EXERCISE BRIEF =
Each line below is to be copied exactly; images do not go into the copy.

SOURCE MATERIAL =
:::

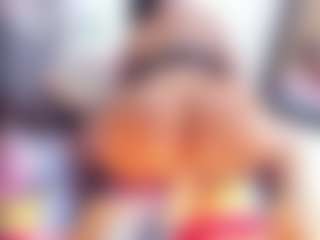 Laura Saenz's Live Sex Cam Show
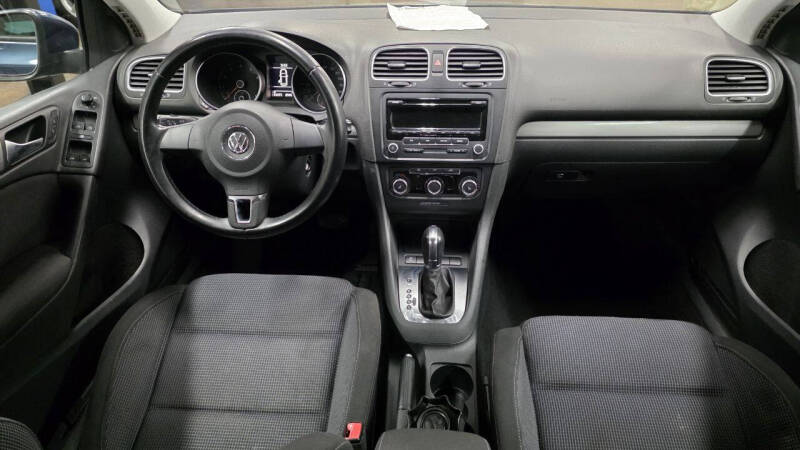 2013 Volkswagen Golf 2.5L PZEV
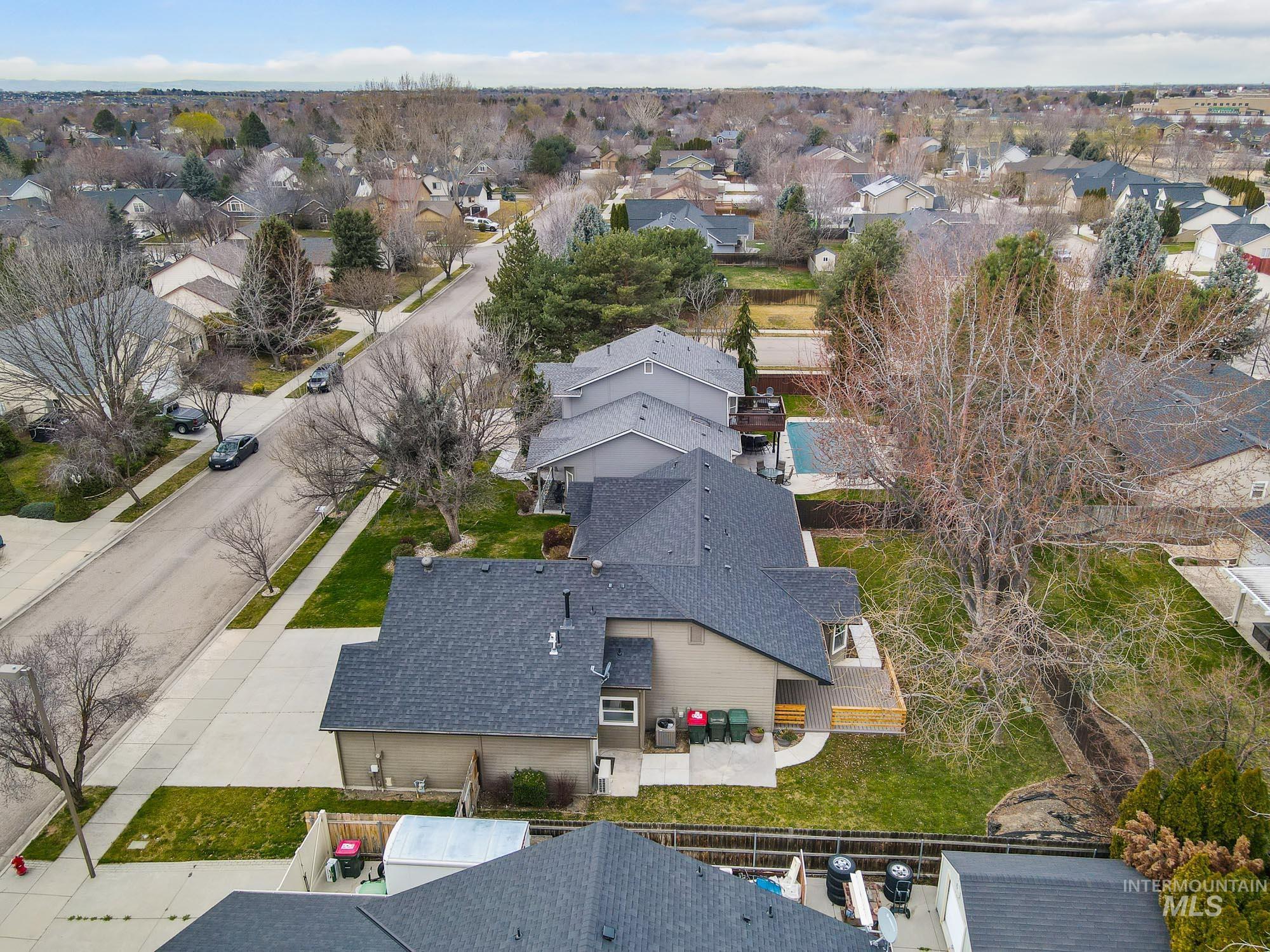 2832 E Indian Creek Dr, Meridian, Idaho 83642, 4 Bedrooms, 2 Bathrooms, Residential For Sale, Price $579,900,MLS 98977949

:::

RESULT =
 Laura Saenz's Live Sex Cam Show
 2013 Volkswagen Golf 2.5L PZEV
 2832 E Indian Creek Dr, Meridian, Idaho 83642, 4 Bedrooms, 2 Bathrooms, Residential For Sale, Price $579,900,MLS 98977949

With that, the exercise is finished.